It is every owner’s nightmare — walking into the office to find out that one of your subscribers suffered a catastrophic loss the night before. You can barely think given all of the questions running through your head: What if the subscriber (or their insurer) points the finger at you? What if they sue? Who should you call? What should you say and, more importantly, what shouldn’t you say?
There are right and very wrong ways to handle subscriber claims that could result in a lawsuit. Here are the six critical steps to protect you if you end up in the danger zone. Some you should take immediately — before disaster strikes; others are some are the first steps you should take if that fateful day arrives.
1. Maintain written subscriber agreements that limit your liability.
Risk allocation clauses in well-written subscriber agreements are generally enforceable and are the first line of defense against claims by subscribers and their insurers. Insurers attempt to assert claims against parties who contributed to an insured’s losses through a doctrine called subrogation, which essentially gives insurers the right to “stand in the shoes” of their insured; thus permitting the insurer to pursue claims against third parties they believe may have caused all or a portion of a loss, once the insurer has paid the claim. Subrogation has become a sophisticated industry, and insurers and their investigators pore through rubble and records looking to recover from potentially culpable actors, including electronic security providers. Faced with a well-written subscriber agreement, however, subrogation lawyers often look for recovery elsewhere.
Another critical reason to have valid subscriber agreements in place before a loss is that many industry insurers require the insured to have a liquidated damages or limitation of liability clause in force as a condition of coverage. No provision may mean no insurance — leaving you to pay always-substantial defense costs, and to fund any settlement or judgment.
2. Maintain appropriate insurance.
Before you are faced with a claim, make sure you have adequate insurance to protect your company. Without it, a single subscriber claim could mean the end of your business. At a minimum, you need commercial general liability, errors and omissions, and automotive liability coverage. You should also want incidental contracts coverage, which usually provides coverage if you are contractually obligated to indemnify a service provider such as a third-party monitoring facility.

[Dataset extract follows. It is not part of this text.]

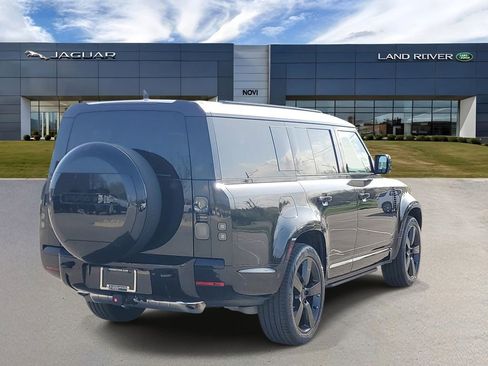 New 2026 Land Rover Defender 130 X-Dynamic SE AWD/4WD image 3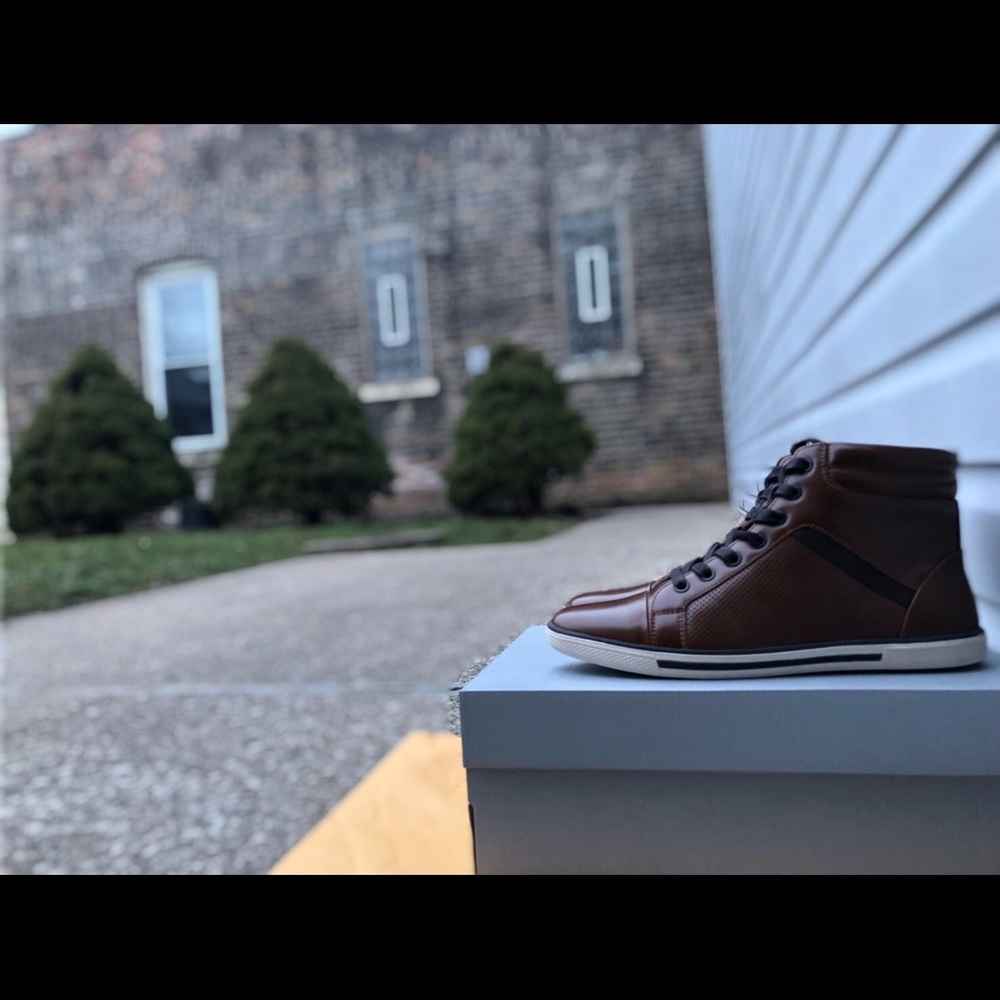 Unlisted Kenneth Cole shoes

How much and what kind of insurance do you really need? There’s no rule of thumb — the best way to be sure is to consult with an experienced industry insurance agent. One issue you and your agent should consider: What would it cost to replace any of the premises you service? That answer differs based on your clients — do you provide service for sprawling multi-million dollar commercial facilities or detached single family homes? How many people inhabit or work at the premises? Where are the premises located? The cost to replace property in Philadelphia, Pa., likely differs from the cost to replace property in Philadelphia, Miss.
3. Promptly notify your insurer of claims and cooperate in their efforts to protect you.
If that terrible day ever comes that one of your subscribers suffers a loss, you should be breathing a little easier — provided you followed steps 1 and 2. Don’t drop the ball now! The insured (that’s you) is obligated to notify their insurers promptly when they receive a claim — or when they have reasonable notice that a claim may be filed. Make sure you follow this rule, otherwise your insurer may be able to disclaim coverage. The insurer will appoint a claims representative who should assist you in dealing with potential plaintiffs; and it will also likely appoint counsel to protect your interests if necessary.